The commission, which was set up in 2013, issued several recommendations concerning the Catholic Church last year, including obliging priests to report any sexual abuse of children that is confessed in the Sacrament of Reconciliation.

The State Attorney General, Mark Speakman, said the law created new criminal offenses for those who fail to report abuse and protect vulnerable children.

“Our report laws will cover every adult, no matter what their occupation background. That includes priests,” Speakman said.

“However, there is a religious confession privilege in uniform legislation that applies to the majority of states and territories,” he continued.

The Catholic Church considers the “seal of confession” absolutely inviolable in all circumstances, and a priest who breaks the seal incurs automatic excommunication.

While the local Catholic Church offered no official response to the debate, Sydney Archbishop Anthony Fisher spoke about the importance of the seal of confession in his Easter Sunday homily, while noting that “powerful interests” seek to marginalize religious believers.
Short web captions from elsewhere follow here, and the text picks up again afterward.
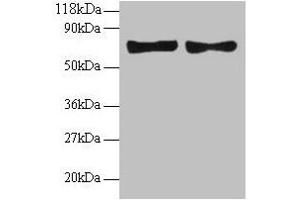 Western blot All lanes: CCL5 antibody at 2 μg/mL Lane 1: EC109 whole cell lysate Lane 2: 293T whole cell lysate Secondary Goat polyclonal to rabbit IgG at 1/15000 dilution Predicted band size: 10 kDa Observed band size: 70 kDa (CCL5 Antikörper  (AA 24-91))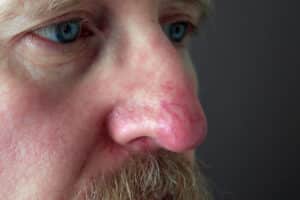 Rhinophyma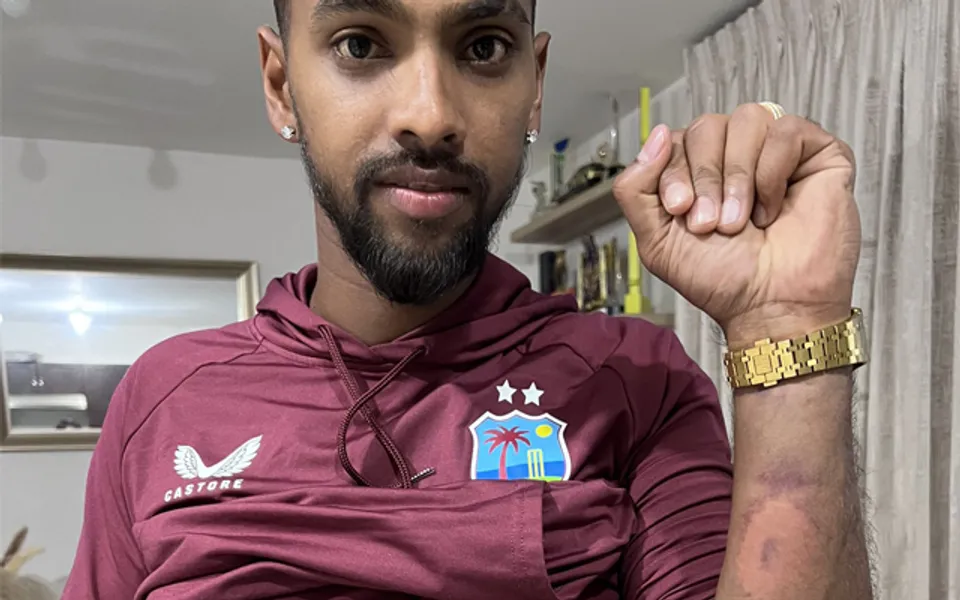Nicholas pooran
The seal of confession is “threatened today both by neglect and attack,” the archbishop said.

“But priests will, we know, suffer punishment, even martyrdom, rather than break the seal of Confession,” he said, while reminding the congregation that “no earthly authority may enter” the encounter between confessor and penitent.

Fisher said that religious liberty has to be defended anew by every generation, and never taken for granted.

“We cannot take the freedom to hold and practice our beliefs for granted, even here in Australia,” Fisher said.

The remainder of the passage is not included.